I tell the smallest ones that their great-grandmother always used to tell her grandchildren they smelled "like a May morning!" after a bath. I tell them how I could always count on their great-great-grandfather to fix my toys when they broke. I tell the oldest one—now 12—about the people I've discovered on our family tree. And to my surprise, she listens with rapt attention.
I started telling her about my genealogy adventures soon after I met her. She is my daughter's step-daughter and came into our lives when she was seven. Her first encounter with my ancestors came when the two of us went to Plimoth Plantation with a church group. We went into each of the small, thatched-roof cottages there, and I pondered aloud with her about what life must have been like for the Pilgrims. We came to the "home of John Alden," and I told her that he was my 9th great-grandfather. She spoke briefly with the Alden re-enactors in the little house, and giggled as we walked away. "Is he really your 9th great-grandfather?" she asked. I explained that they were just actors, but that I really was related to John Alden. She's always remembered that.
Over the next year, she seemed to take an interest in any of the genealogy discoveries I tried to announce to the family. While everyone else smirked and rolled their eyes, she seemed to hang on my every word. I thought she was just being polite. But then I started talking about a "genealogy field trip" to New Hampshire to look for ancestral evidence, and she begged me to take her along.
I packed a lunch for the two of us, brought my notes and charts, and we headed off. On the hour-and-a-half drive to our destination, I talked to her about our quarry: my husband's great-great grandfather, who was allegedly an Indian. Our first stop was the city cemetery. The woman at the cemetery office told us that, yes, there was a Thomas Perkins buried there, and she gave me a map to the gravesite, as well as a copy of the interment card for that plot. I grew excited as I read the names on the interment card—I knew I'd hit the jackpot. My granddaughter shared my excitement and eagerly explored the graves with me when we finally found the family burial plot. We made a crude rubbing of Thomas' headstone for her to take home.
As I drove out of the cemetery, we chatted excitedly about our find. "Now who is Thomas again?" she asked. I thought maybe I should temper her enthusiasm. "You know," I said, "that Thomas isn't really your grandfather."
"I know," she answered, with a wisdom that belied her eight years, "but I don't do ‘steps'."

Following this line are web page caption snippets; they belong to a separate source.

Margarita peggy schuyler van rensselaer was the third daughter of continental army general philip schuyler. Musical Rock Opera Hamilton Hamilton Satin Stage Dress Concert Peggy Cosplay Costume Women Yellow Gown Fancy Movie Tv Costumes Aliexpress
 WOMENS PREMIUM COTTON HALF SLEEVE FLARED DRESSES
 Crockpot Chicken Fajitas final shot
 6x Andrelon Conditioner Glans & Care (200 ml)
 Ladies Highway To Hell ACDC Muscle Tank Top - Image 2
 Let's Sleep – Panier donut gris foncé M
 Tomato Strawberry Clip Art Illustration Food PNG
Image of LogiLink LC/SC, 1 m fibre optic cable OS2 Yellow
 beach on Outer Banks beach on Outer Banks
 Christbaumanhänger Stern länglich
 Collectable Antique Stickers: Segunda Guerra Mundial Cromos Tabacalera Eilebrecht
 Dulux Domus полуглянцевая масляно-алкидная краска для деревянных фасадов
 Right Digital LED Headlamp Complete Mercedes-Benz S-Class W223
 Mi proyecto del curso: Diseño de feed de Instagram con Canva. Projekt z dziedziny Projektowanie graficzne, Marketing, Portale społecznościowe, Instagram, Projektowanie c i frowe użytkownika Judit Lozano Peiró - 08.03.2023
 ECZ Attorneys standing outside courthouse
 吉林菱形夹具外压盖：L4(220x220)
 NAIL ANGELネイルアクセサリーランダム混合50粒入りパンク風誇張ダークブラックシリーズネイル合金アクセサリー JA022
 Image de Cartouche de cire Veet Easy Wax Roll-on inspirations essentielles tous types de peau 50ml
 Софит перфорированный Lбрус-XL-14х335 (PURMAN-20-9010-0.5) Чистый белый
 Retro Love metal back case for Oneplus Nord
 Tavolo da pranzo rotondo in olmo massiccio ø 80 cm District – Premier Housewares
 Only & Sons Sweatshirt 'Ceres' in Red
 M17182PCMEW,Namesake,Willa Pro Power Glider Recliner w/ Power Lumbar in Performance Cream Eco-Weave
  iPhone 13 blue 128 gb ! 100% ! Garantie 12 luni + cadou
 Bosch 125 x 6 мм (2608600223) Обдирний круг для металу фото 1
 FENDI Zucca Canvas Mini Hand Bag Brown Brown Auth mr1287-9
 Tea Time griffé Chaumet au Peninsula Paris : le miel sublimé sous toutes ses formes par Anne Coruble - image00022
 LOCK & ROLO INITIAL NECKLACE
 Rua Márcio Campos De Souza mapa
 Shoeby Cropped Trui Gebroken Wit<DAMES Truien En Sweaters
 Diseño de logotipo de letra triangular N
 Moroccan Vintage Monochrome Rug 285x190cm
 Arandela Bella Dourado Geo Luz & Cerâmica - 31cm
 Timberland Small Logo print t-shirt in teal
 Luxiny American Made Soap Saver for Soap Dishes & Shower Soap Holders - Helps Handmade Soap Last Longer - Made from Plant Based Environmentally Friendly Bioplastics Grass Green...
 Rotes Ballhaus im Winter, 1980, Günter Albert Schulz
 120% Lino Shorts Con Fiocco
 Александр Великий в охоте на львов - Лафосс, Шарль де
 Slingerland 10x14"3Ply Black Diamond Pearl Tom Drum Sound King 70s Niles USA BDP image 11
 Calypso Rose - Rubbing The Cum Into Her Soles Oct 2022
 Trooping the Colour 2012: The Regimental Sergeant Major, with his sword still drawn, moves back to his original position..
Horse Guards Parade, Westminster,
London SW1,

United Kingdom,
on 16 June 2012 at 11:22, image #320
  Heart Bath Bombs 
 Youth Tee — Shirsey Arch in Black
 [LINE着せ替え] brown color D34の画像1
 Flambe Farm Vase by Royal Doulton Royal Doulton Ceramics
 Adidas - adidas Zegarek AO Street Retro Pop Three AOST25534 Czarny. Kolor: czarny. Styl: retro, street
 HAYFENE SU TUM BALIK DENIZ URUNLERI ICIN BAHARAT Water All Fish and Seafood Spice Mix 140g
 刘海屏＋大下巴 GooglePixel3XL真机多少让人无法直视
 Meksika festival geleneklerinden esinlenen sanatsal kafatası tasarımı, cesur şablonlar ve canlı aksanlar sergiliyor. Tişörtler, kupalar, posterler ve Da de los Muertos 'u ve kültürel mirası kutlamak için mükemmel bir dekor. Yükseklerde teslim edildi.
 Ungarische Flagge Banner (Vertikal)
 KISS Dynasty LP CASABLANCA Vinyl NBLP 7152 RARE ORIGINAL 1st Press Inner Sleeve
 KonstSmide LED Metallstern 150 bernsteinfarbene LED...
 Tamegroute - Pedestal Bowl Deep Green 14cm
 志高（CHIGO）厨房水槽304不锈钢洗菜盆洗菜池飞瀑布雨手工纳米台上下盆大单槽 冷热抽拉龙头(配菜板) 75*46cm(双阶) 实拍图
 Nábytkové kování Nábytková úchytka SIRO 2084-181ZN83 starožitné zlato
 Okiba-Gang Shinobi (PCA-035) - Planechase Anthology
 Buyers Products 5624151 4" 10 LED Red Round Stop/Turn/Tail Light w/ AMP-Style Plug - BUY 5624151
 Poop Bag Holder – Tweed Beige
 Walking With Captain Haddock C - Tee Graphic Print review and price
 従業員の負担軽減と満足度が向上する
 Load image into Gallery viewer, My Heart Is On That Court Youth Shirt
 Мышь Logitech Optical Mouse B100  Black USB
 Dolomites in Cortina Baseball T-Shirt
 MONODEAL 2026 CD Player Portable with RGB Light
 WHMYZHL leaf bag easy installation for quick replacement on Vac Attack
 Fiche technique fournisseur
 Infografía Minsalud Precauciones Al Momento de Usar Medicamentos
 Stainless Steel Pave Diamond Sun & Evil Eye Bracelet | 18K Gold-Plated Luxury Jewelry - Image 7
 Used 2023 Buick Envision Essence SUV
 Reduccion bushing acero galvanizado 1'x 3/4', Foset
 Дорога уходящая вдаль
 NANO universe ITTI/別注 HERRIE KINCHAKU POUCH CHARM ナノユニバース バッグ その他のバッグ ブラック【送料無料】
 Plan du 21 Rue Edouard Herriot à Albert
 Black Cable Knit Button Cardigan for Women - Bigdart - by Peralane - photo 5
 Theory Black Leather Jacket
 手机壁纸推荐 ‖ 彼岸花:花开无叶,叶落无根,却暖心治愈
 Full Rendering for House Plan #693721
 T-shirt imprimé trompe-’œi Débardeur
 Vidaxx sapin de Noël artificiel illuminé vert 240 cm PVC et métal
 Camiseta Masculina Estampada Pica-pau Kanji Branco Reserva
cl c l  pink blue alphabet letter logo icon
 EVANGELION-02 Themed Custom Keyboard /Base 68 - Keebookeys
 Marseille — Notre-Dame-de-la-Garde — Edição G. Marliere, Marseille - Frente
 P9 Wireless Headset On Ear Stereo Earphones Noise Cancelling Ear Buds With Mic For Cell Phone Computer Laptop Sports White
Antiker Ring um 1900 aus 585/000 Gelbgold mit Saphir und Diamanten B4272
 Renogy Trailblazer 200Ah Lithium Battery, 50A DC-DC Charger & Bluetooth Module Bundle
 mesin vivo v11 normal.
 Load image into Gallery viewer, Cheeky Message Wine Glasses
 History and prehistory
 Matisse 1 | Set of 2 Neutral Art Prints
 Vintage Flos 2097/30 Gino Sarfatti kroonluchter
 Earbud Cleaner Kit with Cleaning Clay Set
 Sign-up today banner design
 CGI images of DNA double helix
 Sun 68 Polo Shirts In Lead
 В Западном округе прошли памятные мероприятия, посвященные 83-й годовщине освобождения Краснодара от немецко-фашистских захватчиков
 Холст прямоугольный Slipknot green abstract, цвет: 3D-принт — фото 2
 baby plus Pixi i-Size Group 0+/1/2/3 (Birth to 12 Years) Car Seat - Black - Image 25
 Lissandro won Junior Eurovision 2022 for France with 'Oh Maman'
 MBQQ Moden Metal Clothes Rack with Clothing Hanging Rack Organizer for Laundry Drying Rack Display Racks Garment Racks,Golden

"Okay," I answered, relieved that she understood the complicated familial relationships, "In that case, he's your fourth great-grandfather."
I see my granddaughter a lot, and she almost never fails to ask me if I've discovered anyone new on the family tree. She was awed when I told her about by my great-grandfather's Civil War diary, which my brother had sent me, and when I finished transcribing it, she read every word. She became fond of "Mamie," my great-grandfather's first-born child, who died shortly after his return from active duty. When I announced that I wanted to go on another field trip to the cemetery where my great-grandfather is buried, my genealogy sidekick was more interested than ever and shared my hope that we'd find out more about little Mamie.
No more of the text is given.